» **Your objective**:
Using the records that follow, reproduce exactly the lines starting at the line containing "New York's Brooklyn" and ending at the line containing "Weezer The Gathering". Include both end lines and no pictures.

» **Data shown**:
=== Section Start ===
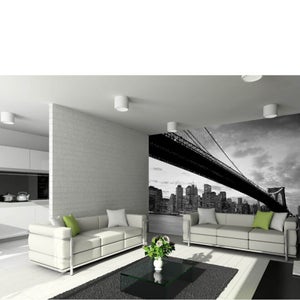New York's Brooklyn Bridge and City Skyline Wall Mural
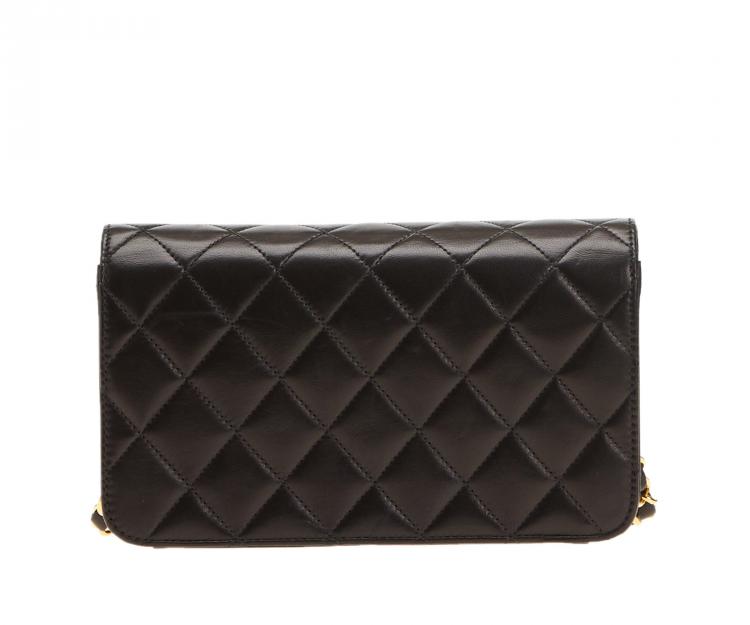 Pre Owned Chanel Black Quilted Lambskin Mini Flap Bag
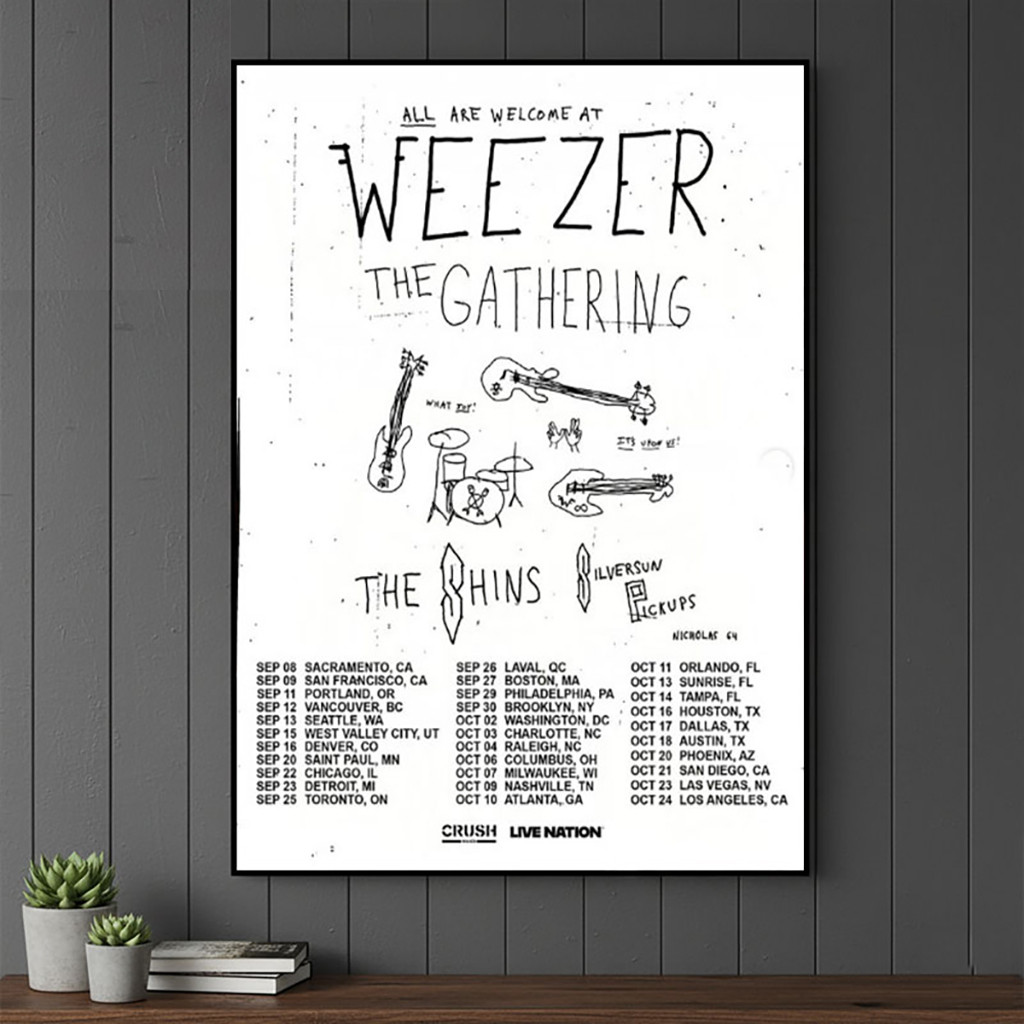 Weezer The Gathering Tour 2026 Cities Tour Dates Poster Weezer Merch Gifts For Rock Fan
=== Section End ===
=== Section Start ===
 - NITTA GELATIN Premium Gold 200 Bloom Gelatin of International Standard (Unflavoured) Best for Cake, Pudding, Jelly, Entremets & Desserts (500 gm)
=== Section End ===
=== Section Start ===
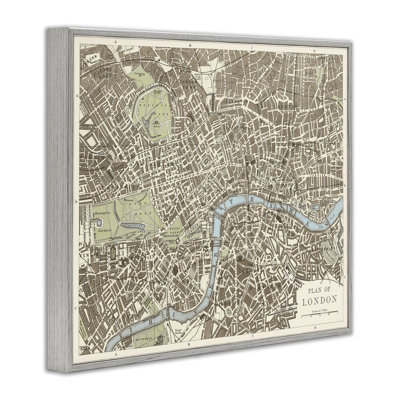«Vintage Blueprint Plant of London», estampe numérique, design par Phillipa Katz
=== Section End ===
» **Finished exercise**:
New York's Brooklyn Bridge and City Skyline Wall Mural
 Pre Owned Chanel Black Quilted Lambskin Mini Flap Bag
 Weezer The Gathering Tour 2026 Cities Tour Dates Poster Weezer Merch Gifts For Rock Fan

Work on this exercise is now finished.